Why, then, don't we see angry interactions between Coke drinkers and Pepsi drinkers? What is so different about computer preference? Arguably, computers are more integrated into our daily lives than our choice of beverage. I'm not sure about you, but I spend most of my day seated in front of a computer, writing, conducting literature searches for manuscripts and grant applications, designing online surveys, and analyzing data. Even my leisure time activity is spent in front of a computer or similar device (like a personal music player or ebook reader - notice my avoidance of brand/product names :D). Furthermore, computer advertisements, which focus on this issue of identity, are a reflection of the design of the product itself. The "Mac" from the commercial spends a lot of time on "creating things" - photos, videos, music - and many of the products that come standard on a Mac are also focused on "creating things". Additionally, the "Mac"-guy is technically saavy in the sense that he is comfortable with using technology, but more in the "I don't care HOW it works, just THAT it works" way. That is, he wants technology that is intuitive and completely user friendly.
The "PC"-guy is portrayed as more professional, with a business and productivity orientation. It's true that Windows machines really shine in this application. I've worked in many large organizations, all of them using networks of Windows computers. Could you have a large organization with all Mac users? Probably. But I've yet to see it myself. While recent Windows advertising has focused on the "creative" side of Windows, this operating system and its accompanying software is still designed with this application in mind.

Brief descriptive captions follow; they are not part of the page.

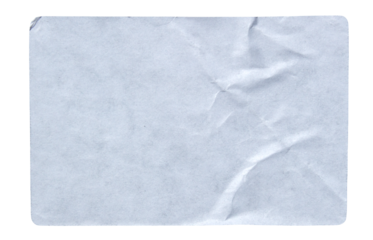 White adhesive glued paper sticker label with transparent background cut out design element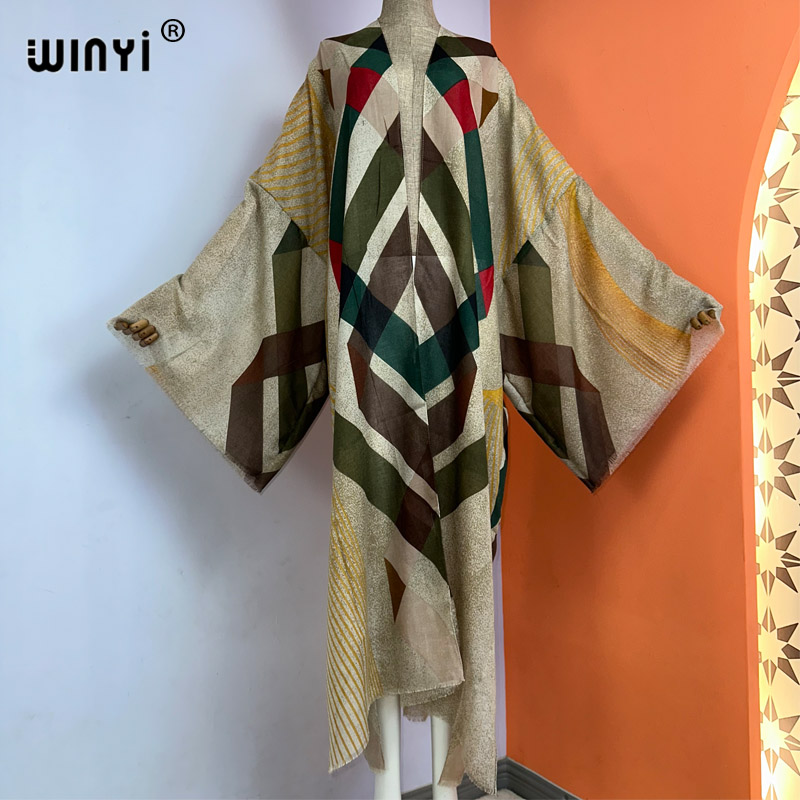 Boho Summer Beach Maxi Dress - WINYI kimono summer boho print kaftans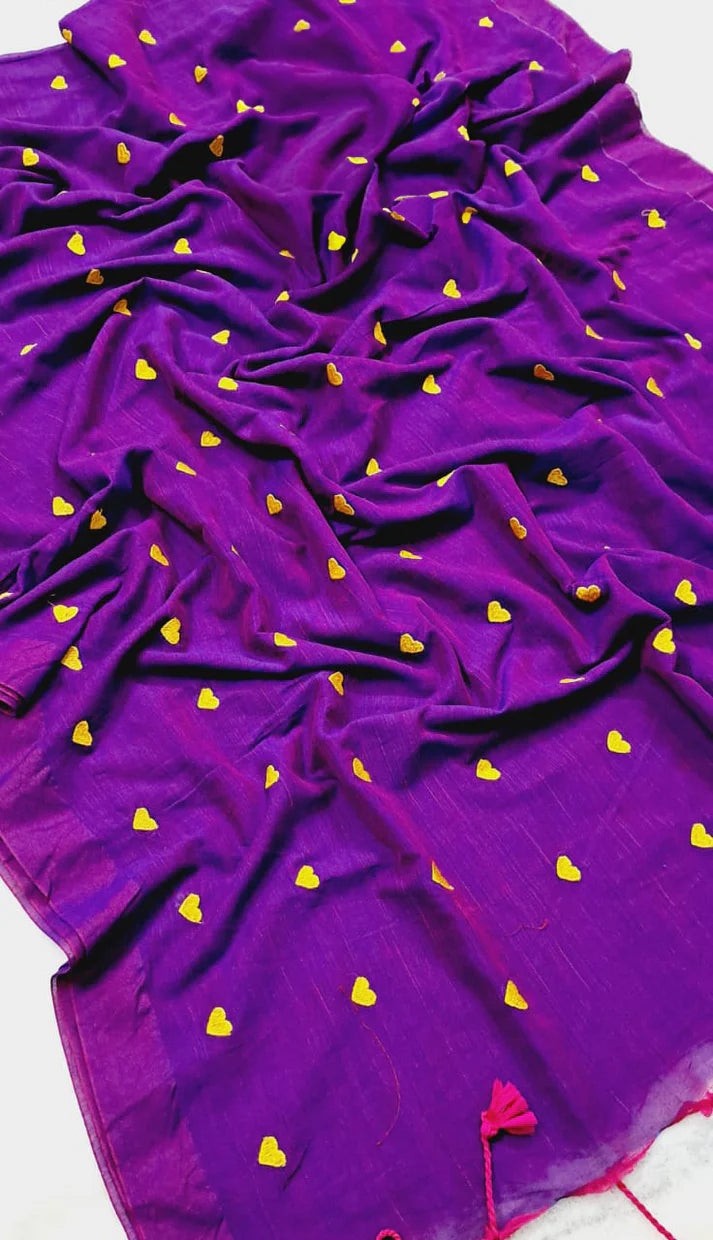 Mul cotton saree with Heart Embroidery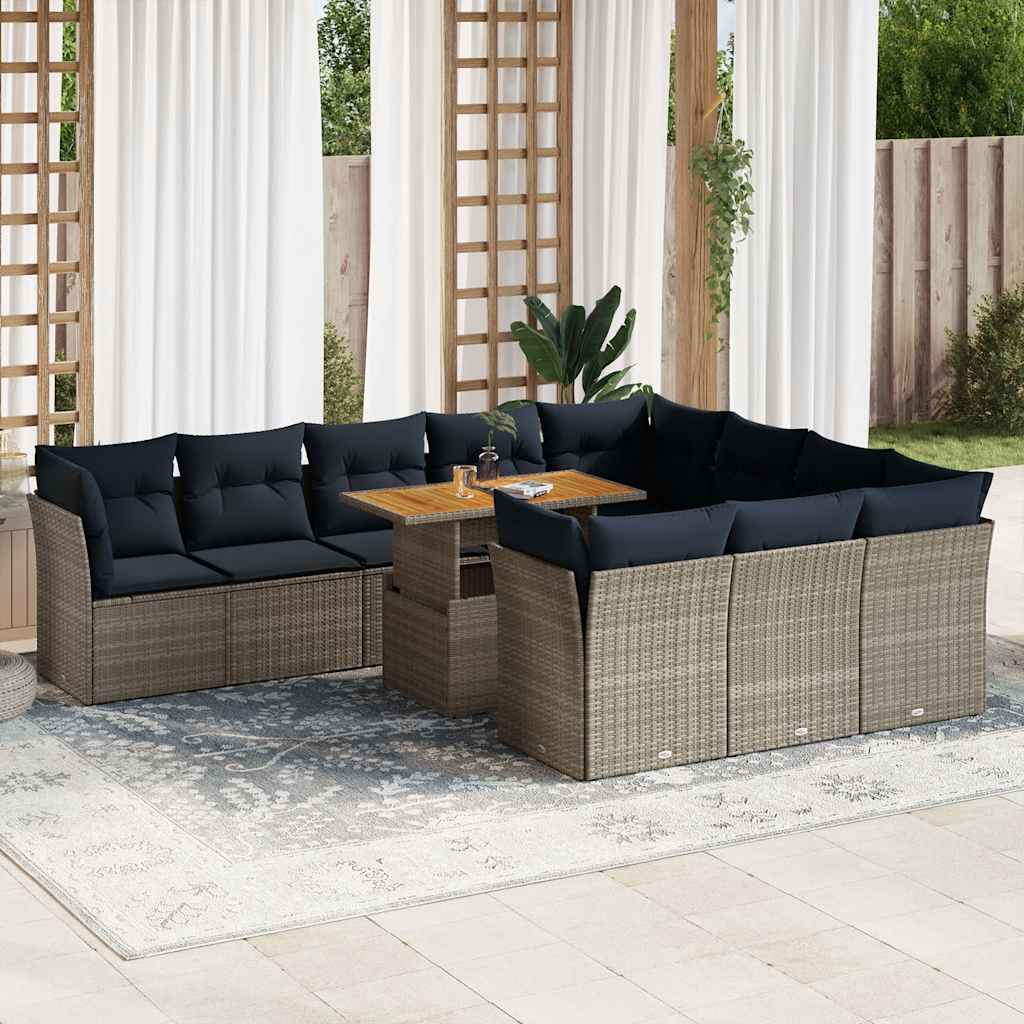JUNG Vida 11-tlg. Garten-Sofagarnitur mit Kissen Grau Poly Rattan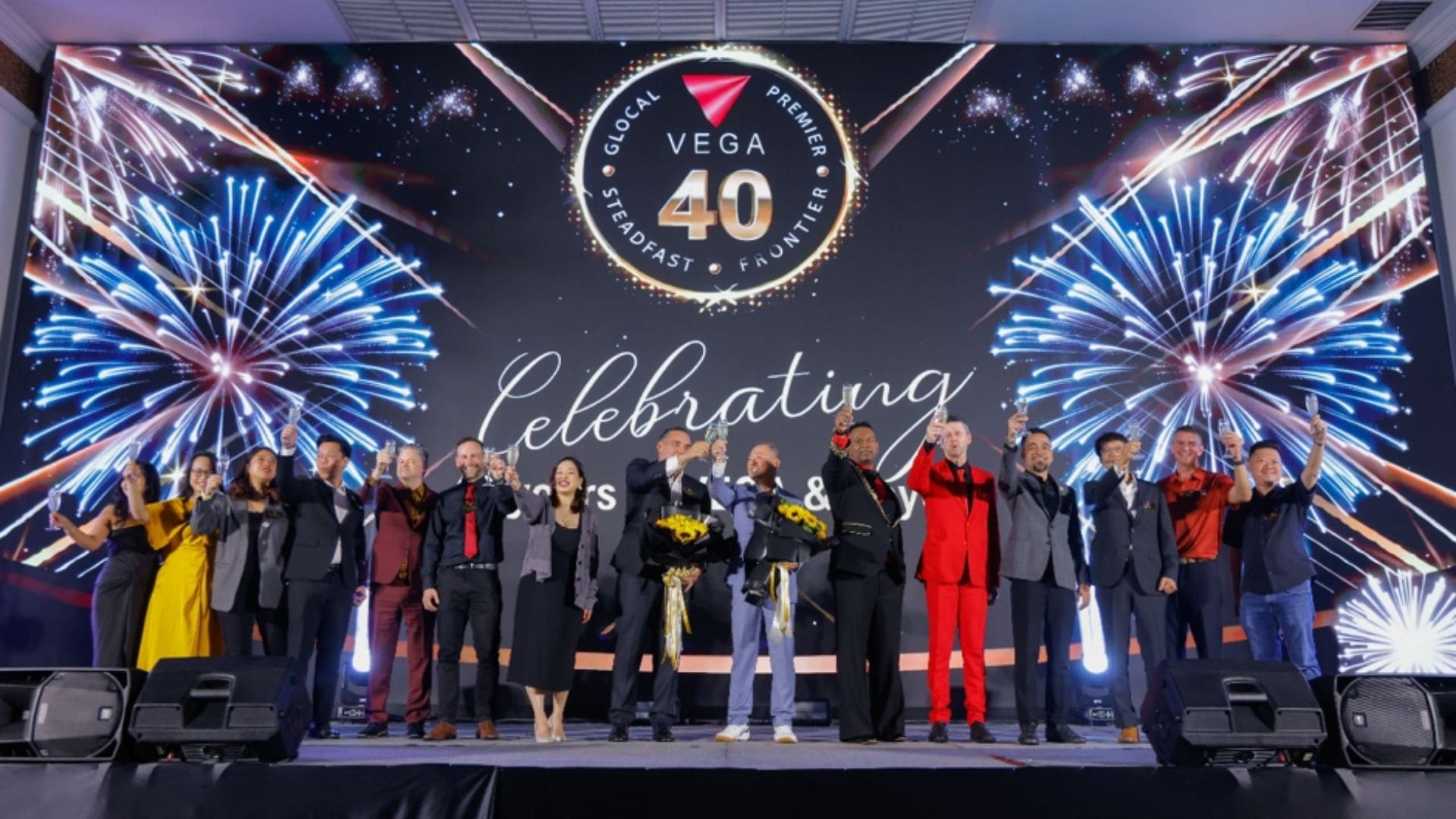 VEGA Founder Laurie Chow reflecting on four decades of the company's growth during the anniversary gala.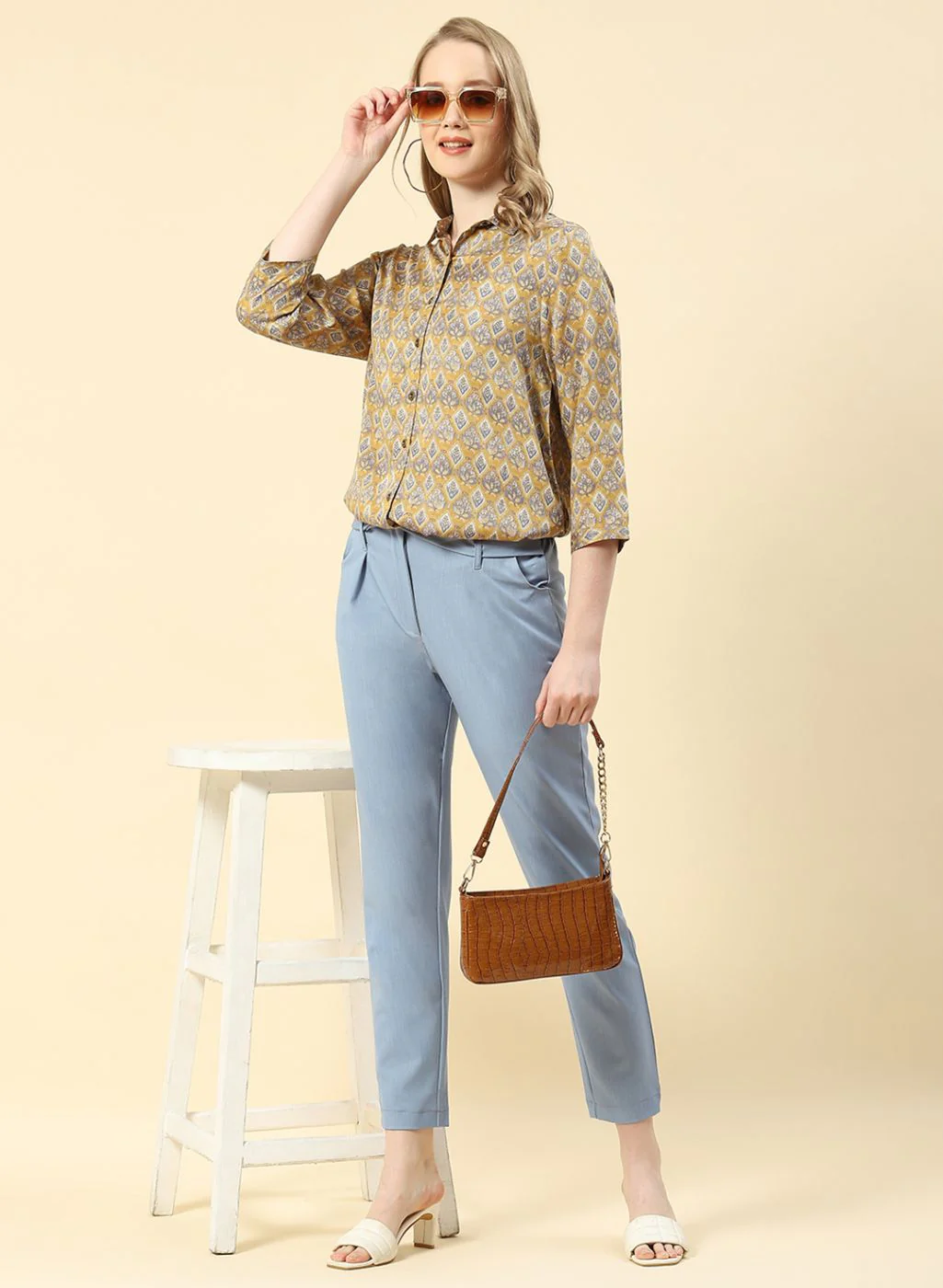 Women Yellow Printed Top - Image 2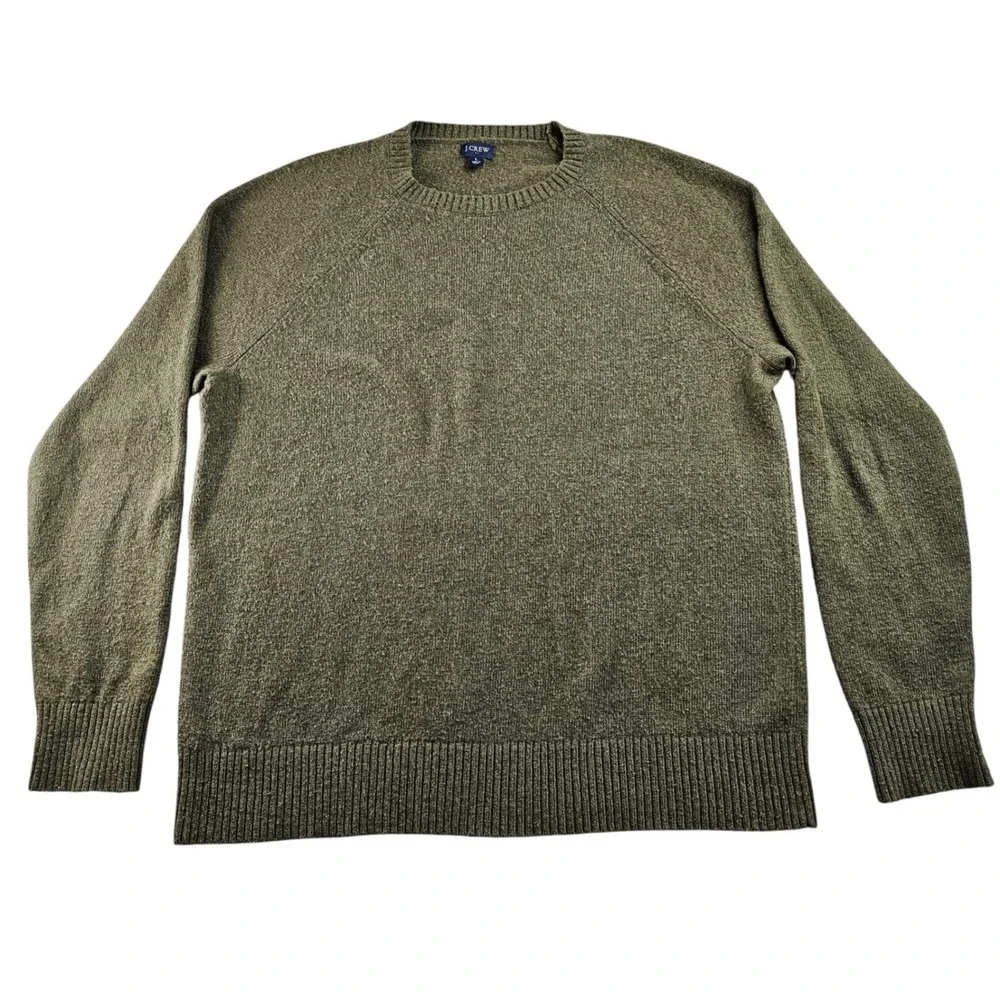 J.CREW Knitted Sweater Men's Large Mossy Green Lamb's Wool Long Sleeve Crew Neck - Picture 1 of 9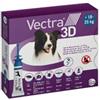CEVA SALUTE ANIMALE SPA Vectra 3d Spot-on Soluz 3 Pipette 3,6 Ml 196 Mg + 17,4 Mg +1.429 Mg Cani Da 10 A 25 Kg, Tappo Applicatore Blu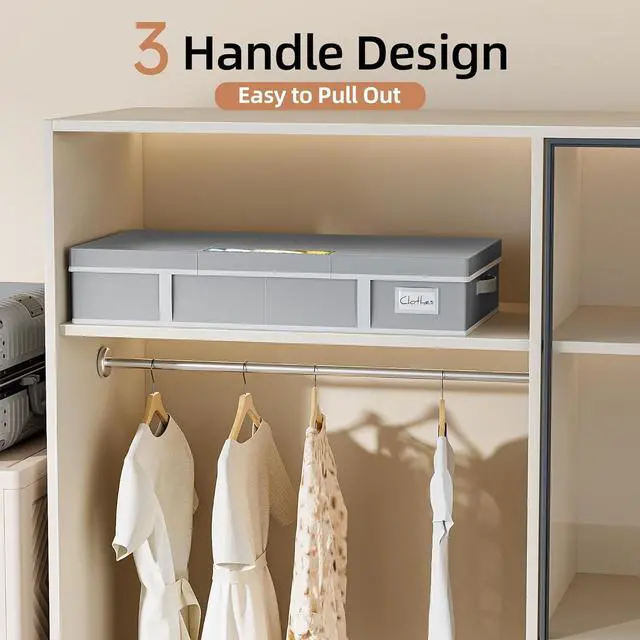 Alt view image 4 of 7 - Yecaye 2 Pack Under Bed Storage Containers, Large Underbed Storage Drawers with Lid, Foldable Low Profile Stackable Bins with Clear Window & 4 Handles for Clothes, Blanket, Shoes, Grey, 31.5*15.75*6in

Of course, the landscape is changing. In the past, having a Mac meant limits in compatible software, and this was the case for many of the programs I use as part of my job until very recently. Now that software companies are increasing availability of their popular titles for both Windows and Mac, people will no longer have to feel married to a particular operating system. Does that mean this identity division will go away? I think not. If anything, this might make advertising more likely to highlight the different identities. If two products are very similar, how can you get people to commit to one over the other? One way is by appealing to their sense of self.
So which am I? In my opinion, each has its own benefits and drawbacks. I have no issue with continuing to use my Windows machine at work. I have to admit, though, every time I start up my work computer, and wait... and wait... and wait for the login screen before I wait... and wait... and wait for the desktop to load, I think of my MacBook Air and how much work I could have accomplished in that time.